__Problem details__.
Word-for-word transcription needed. Include every entry below but no pictures.
--- Dataset content Enclosed Below ---
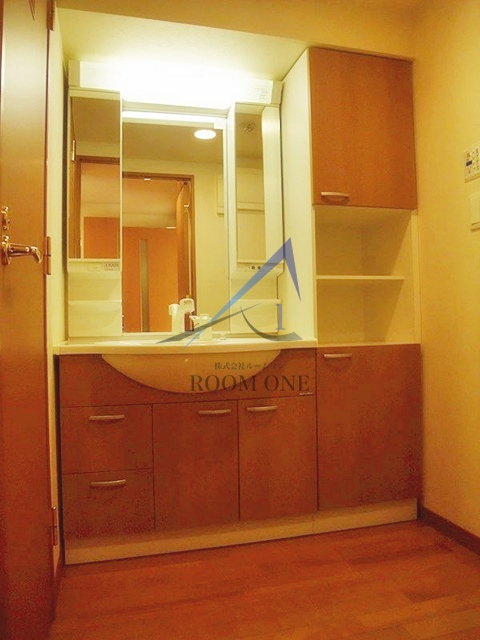 ルーブル学芸大学五番館の洗面所|洗面台です。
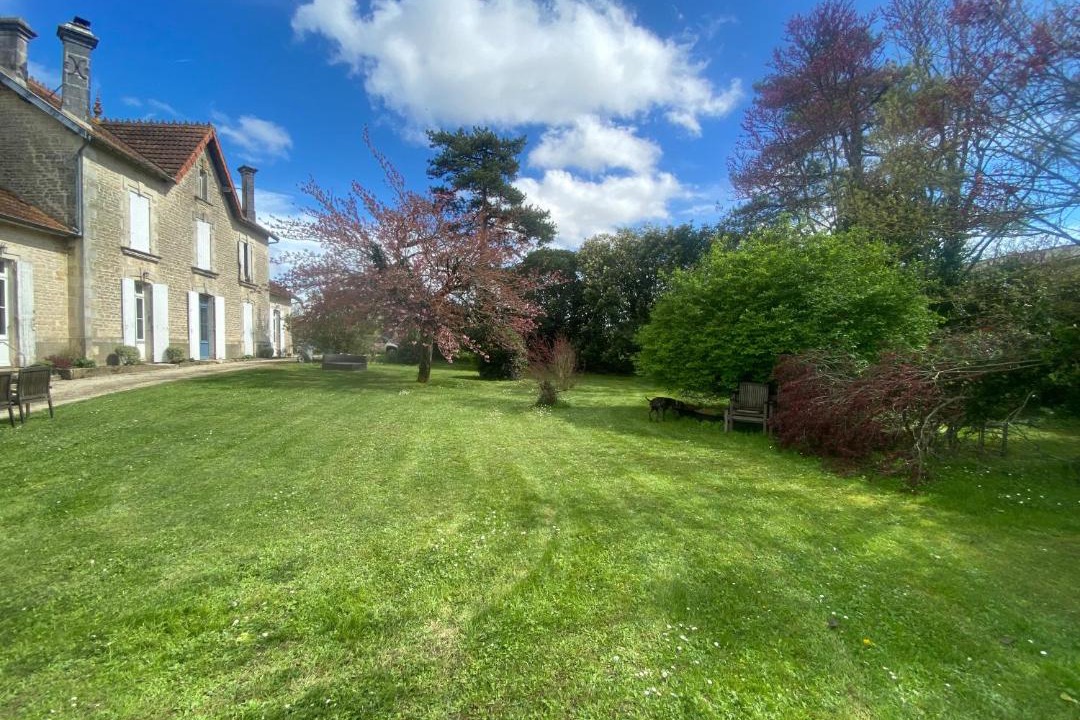 Photo of Others in Aulnay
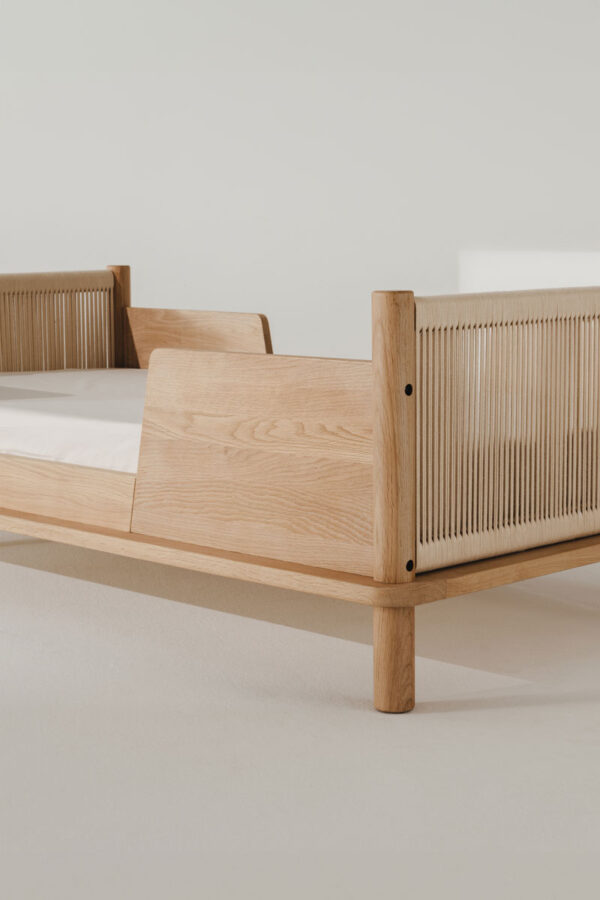 Cama Junior Latitude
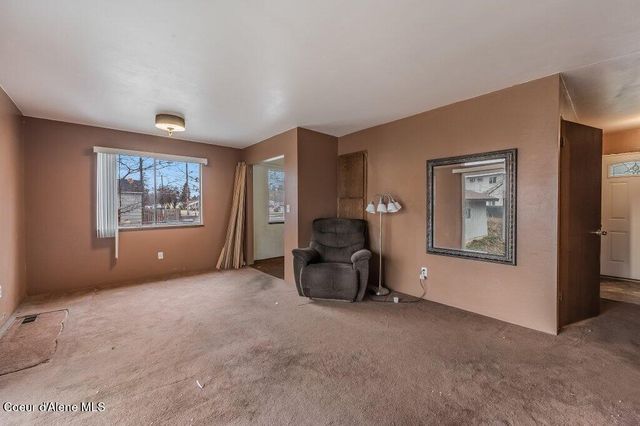 2106 E PENNSYLVANIA AVE, Coeur D'alene, ID 83814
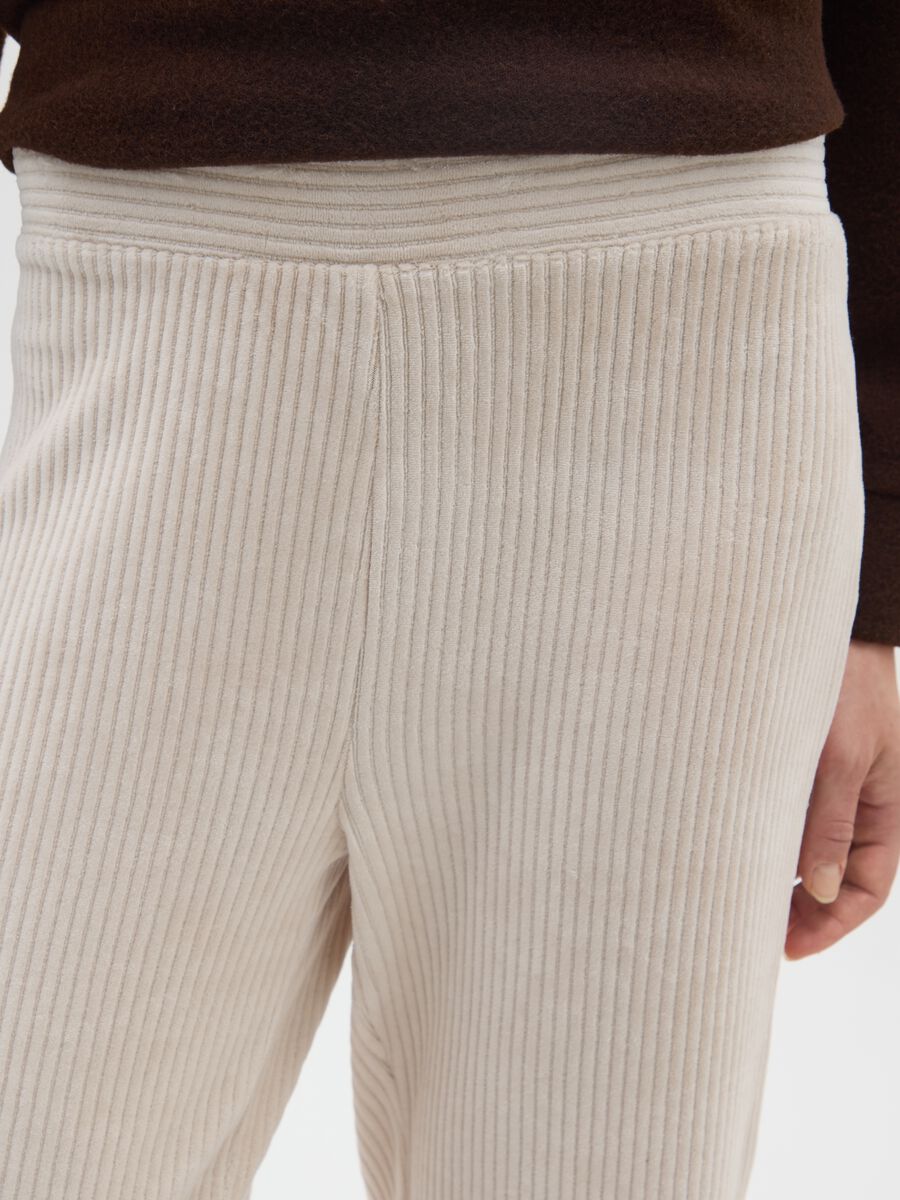 Beige wide leg stretch cotton trousers_3
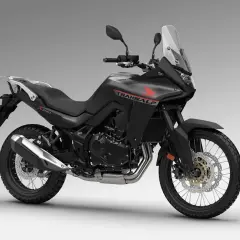 Honda Transalp 750 negra, lista para la aventura. Su peso es ideal para dominar cualquier terreno.
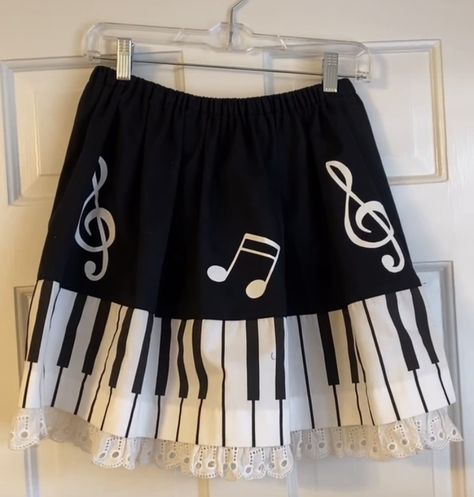 Music Themed Clothes, Piano Outfit, Piano Clothes, Piano Skirt, Music Outfits, Silly Clothes, Diy Clothes Design, Musical Notes, Princess Outfits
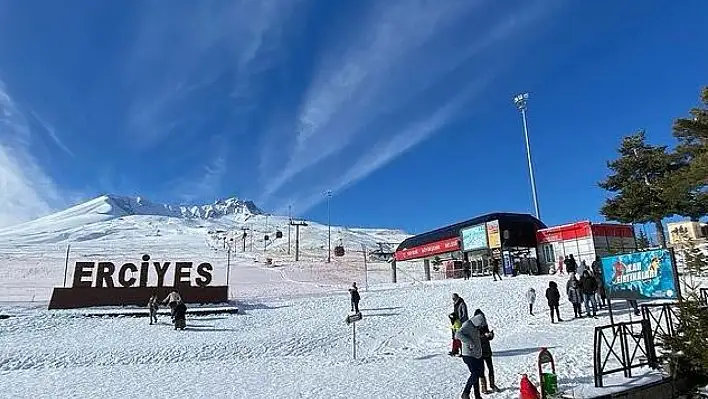 Müjde! Kayak sezonu yarın açılıyor...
--- End of Enclosed Dataset content ---
__Output__.
 ルーブル学芸大学五番館の洗面所|洗面台です。
 Photo of Others in Aulnay
 Cama Junior Latitude
 2106 E PENNSYLVANIA AVE, Coeur D'alene, ID 83814
 Beige wide leg stretch cotton trousers_3
 Honda Transalp 750 negra, lista para la aventura. Su peso es ideal para dominar cualquier terreno.
 Music Themed Clothes, Piano Outfit, Piano Clothes, Piano Skirt, Music Outfits, Silly Clothes, Diy Clothes Design, Musical Notes, Princess Outfits
 Müjde! Kayak sezonu yarın açılıyor...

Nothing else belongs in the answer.